Jankiel Santos acredita ainda que o Brasil deixou de ser o "queridinho" dos investidores estrangeiros. "O governo precisa melhorar a burocracia, diminuir os impostos e que o retorno do capital seja maior. A discussão sobre esse retorno tem que ser entre governo e empresa, ou o mercado ditar qual seria o patamar ideal", aconselha o economista. O diretor-presidente da Fractal, Celso Grisi, que recentemente teve contato com representantes de fundos de investimentos na Itália e na Espanha, endossa a argumentação de Jankiel Santos. "Essa questão da insegurança não é uma opinião minha. Se conversar com qualquer investidor estrangeiro, ele fará esse discurso, de que as promessas de crescimento econômico e metas fiscais no Brasil frustraram e o número de intervenções do governo mostra uma política econômica mais voltada para o social, do que para o capitalismo", diz.

Ele aponta que as soluções para aumentar a credibilidade do País também envolvem marcos regulatórios mais liberais, que mostrem segurança jurídica, garantias ao capital, "como o empresário vai ficar com a posse de uma propriedade e que o governo não vai libera-la para movimentos como dos sem-terra". "Há um desencantamento dos estrangeiros com o Brasil, e o ingresso de investimentos estrangeiros diretos [IED] deve ficar por volta de US$ 60 bilhões", avalia Grisi.

Por outro lado, Marcio Cardoso, sócio-diretor da Título Corretora, avalia que a desconfiança do investidor estrangeiro não acontece somente por causa da situação brasileira. "Como os níveis de crescimento estão baixos, a tendência sempre é de mais cautela. Existem vários investidores com dinheiro em caixa e esses serão os que mais vão pedir garantias", diz. "O Brasil ainda tem muita liquidez e possui um mercado forte. Mas precisamos, com urgência, melhorar a infraestrutura para atrair ainda mais capital."
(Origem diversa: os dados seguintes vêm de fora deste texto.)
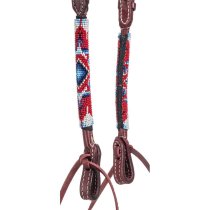 Tough1 Santa Fe Beaded Single Ear Headstall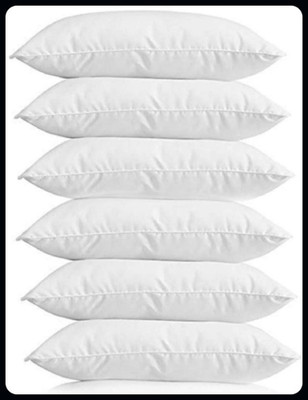 RUSHABH ENTERPRISE LUXURY Polyester Fibre Abstract Sleeping Pillow Pack of 1(Pink)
E segundo Cardoso essa desconfiança não é só dos estrangeiros. O boletim Focus, divulgado ontem pelo Banco Central (BC) mostrou que os analistas revisaram de 3,19% a previsão de expansão do PIB para 2013 conforme registrado na semana passada, para 3,10%.

Investimento menor

De acordo com último balanço do setor externo divulgado pelo BC, em 2012, os ingressos líquidos de IED alcançaram US$ 65,3 bilhões, queda de 2,10% ante o resultado de 2011. Os países que mais investiram no acumulado do ano passado foram Estados Unidos (US$ 12,310 bilhões), Países Baixos (US$ 12,213 bilhões), Luxemburgo (US$ 5,965 bilhões), Suíça (US$ 4,333 bilhões) e Espanha (US$ 2,523 bilhões).

Na comparação com igual período de 2011, dois países reduziram seus envios de recursos ao Brasil. No caso dos investimentos dos Países Baixos, que em 2011, foi o que apresentou o maior direcionamento, a queda foi de 30,32%. A Espanha também reduziu 70,64%. Já com relação aos EUA, Luxemburgo e Suíça, os envios subiram 38,17%, 219,5% e 263%, respectivamente, de 2011 para o ano passado.